I think one of the most important issues with beginners who get a decent tool like LspCAD is understanding the MLS length vs gate length. I was very fortunate that fellow DIYer Ed West spent the day after DIY2001 to explain it to me. The new JustMLS tutorial is a lot better about how to use gates but it does not explain why they selected the gates they did. I also noticed some of my MLS on my site are not nearly as clean as the ones I get now. So lets talk JustMLS.
There are two lengths to worry about. The first is the
"MLS Length" that is chosen on the set up screen and determines the
length of the psht sound: 32768, 16384, 8192 and 4096.

But the mic is not recording for the entire psht time. The
time the mic is recording is set on "Measure!" screen in the gate
"Length" field:

So if you set the MLS length for a long 32768 psht and the gate length to 10ms, you are not using most of the psht. So set the MLS down to 4096 or 8192. Remember you must calibrate JustMLS for each time separately.
The longer the mic is recording, the lower the frequency it will record. But the longer the mic is recording, the more reflections it will pick up.
The farther away from the driver the mic is, the more reflections you will pick up. The closer the mic is to the driver, the less accurate reading on what the whole speaker is doing.
I have been learning with my current project that the reflections will do a lot more harm to your MLS than not recording the low end, which is mostly below the XO work anyway. That is why the JustMLS tutorial suggests 7ms and 10ms. Also, set the chart window to 200-20000, the blue numbers at the bottom left of the MLS.
The charts below show the relationship between the gate
(length), the number of wave cycles and the length of the recorded sound in
wave distance. The first chart shows a 10ms gate which records 11.3 feet of
sound. That allows for only 1.6 cycles of a 160Hz wave. Less than one wave of
80Hz is available. Not much, but plenty for XO work in the 600Hz and up ranges.
This setting will keep the reflections down, but not make them go away. If you
are recording 11.3 feet of waves with a ceiling and floor 4 feet from the
driver, you have picked up the first two hard surface reflections.

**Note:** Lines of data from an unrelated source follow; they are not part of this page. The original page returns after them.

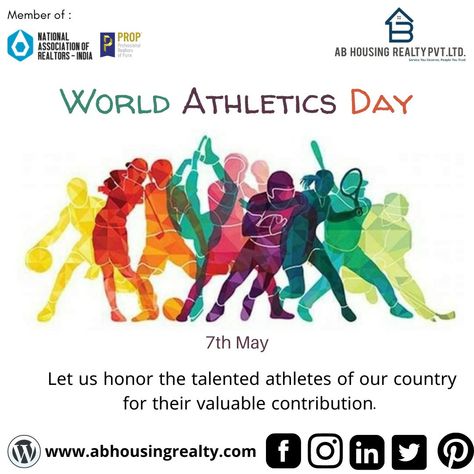 On the occasion of World Athletics Day Let us honor the talented athletes of our country for their valuable contribution. Happy World Athletics Day! #abhousingrealtypvtltd #WorldAtheistDay #World #athlete #atheletics #Country #india #inspiration #contribution World Athletics Day, World Athletics, Our Country, Banner Design, India, Let It Be, Quick Saves, Design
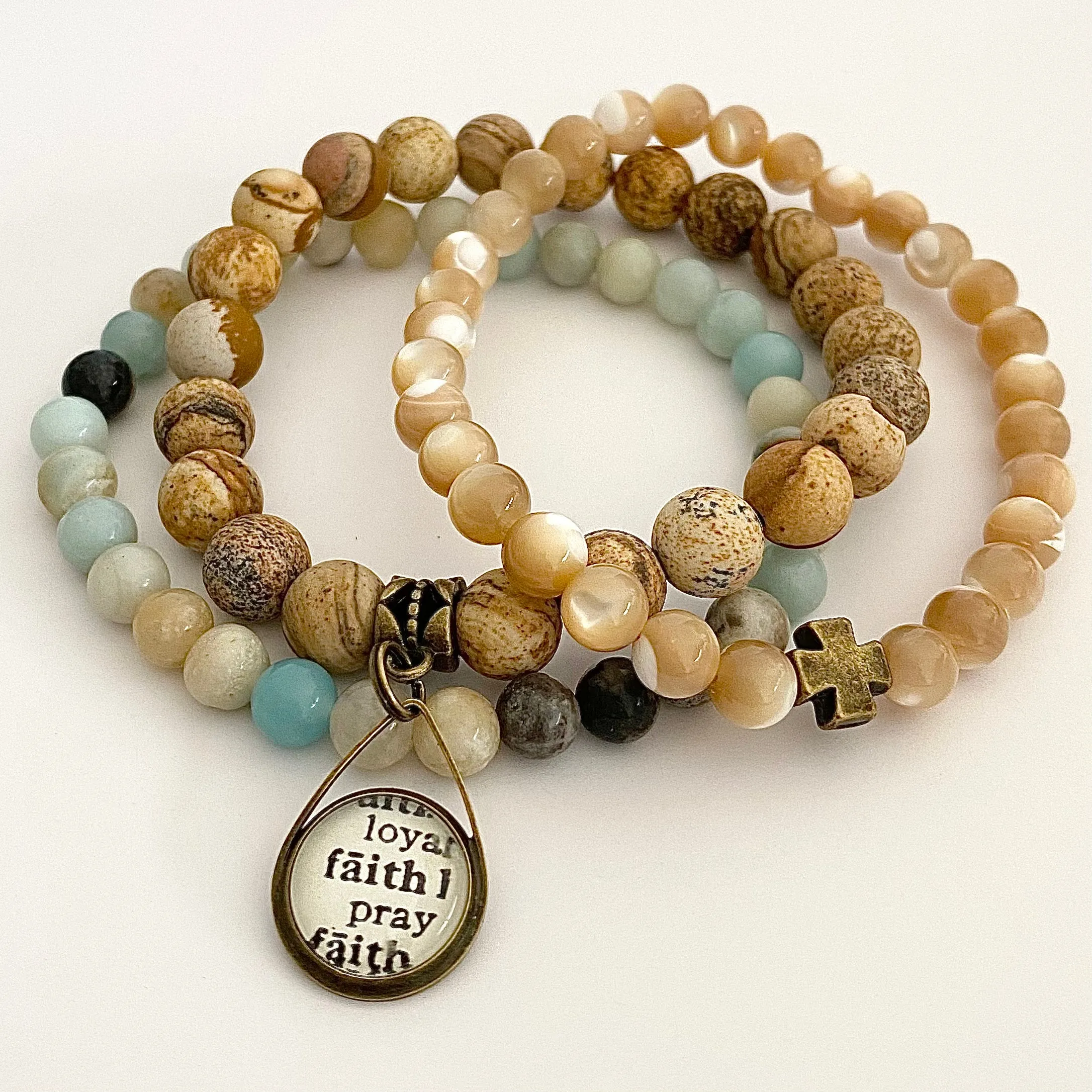 Faith Stacked Beaded Word Charm Bracelet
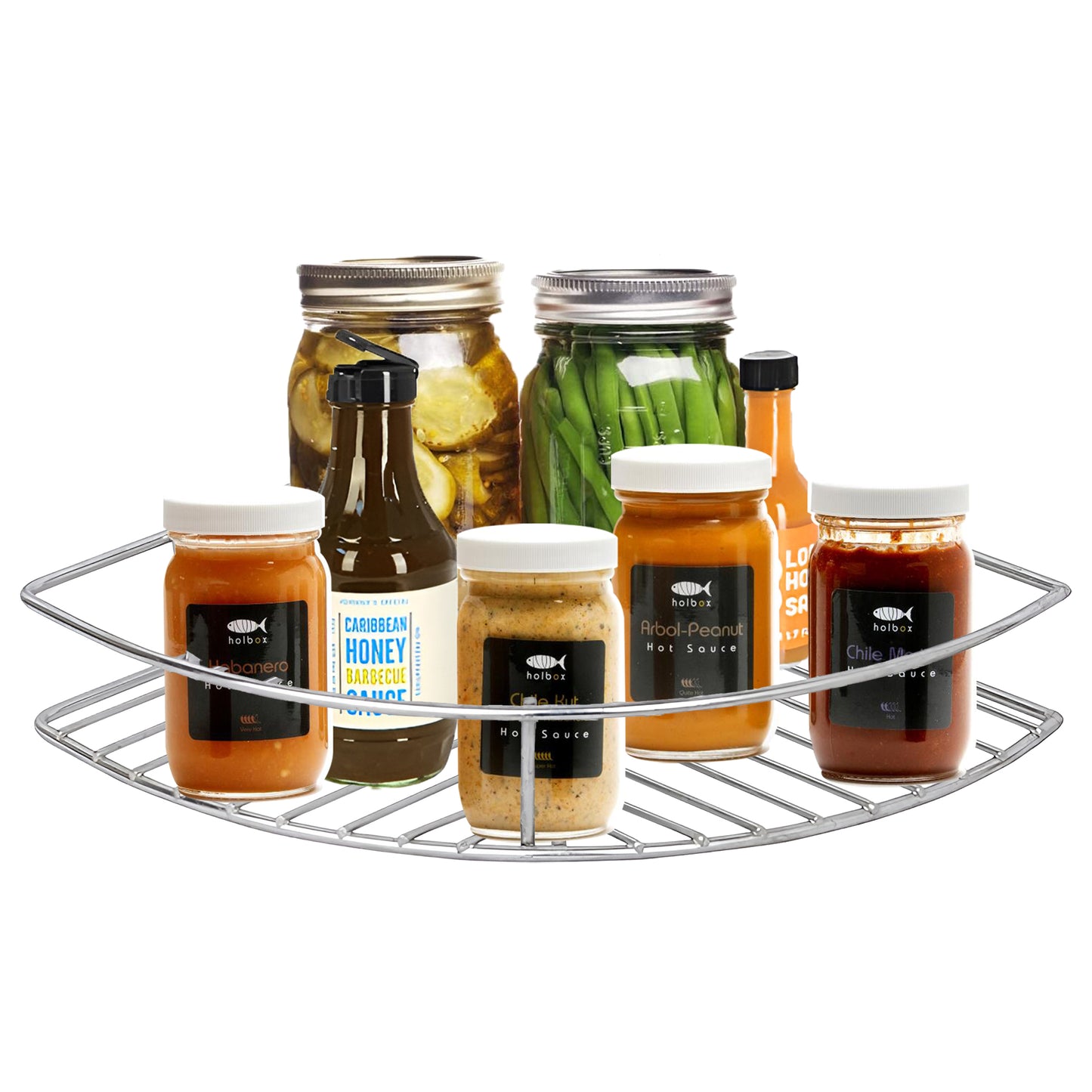 3 Pcs Stainless Steel Multipurpose Corner Shelf Rack – Organizer for Kitchen & Bathroom, Wall-Mounted, 23×23×5 cm, Chrome Finish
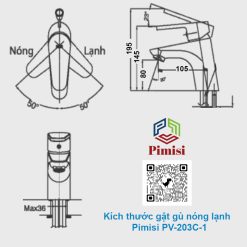 Kích thước gật gù nóng lạnh Pimisi PV-203C-1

This "Joe Speaker" MLS shows the unsmoothed reading at 10ms. I know
my room is not that great for reflections. The severe drop off at 200Hz has
nothing to do with the speaker, but is a lack of complete (or enough) cycles
for the computer to record.
Now a 50ms gate increases the recorded wave to 56.5 feet.
Just one 20Hz cycle, butta you betcha you gotta getta somma reflections. So you
still don't get to clearly record the bottom octaves but added a bunch of
reflections.

Now we move to the 175ms mark. You can get that 20Hz reading
albeit only 3 complete cycles. But look at the room refections. Wow!


This is the same "Joe Speaker" at 175ms. Not just larger swings, but
a very different reading. Looking like this, I would not use any of the lower
section anyway. You could potentially smooth out the humps using the octave
smoothing, but you will likely smooth something important along the way.
So you will need a gate length of 50ms to get one cycle of 20Hz. One cycle will not give a very true reading. So you will have to go up from there. But at one 20Hz cycle, you are at 56 feet of recording and enough for all the frequencies to reflect across the room at least 4 times in six directions. If you want, say, four 20Hz cycles, you have all the frequencies bouncing about at least 28 times. Ouch!
So set the gate length to 7ms or 10 ms. Measure out of doors. I know I may have gotten something wrong so feel free to politely correct. I hope this helps.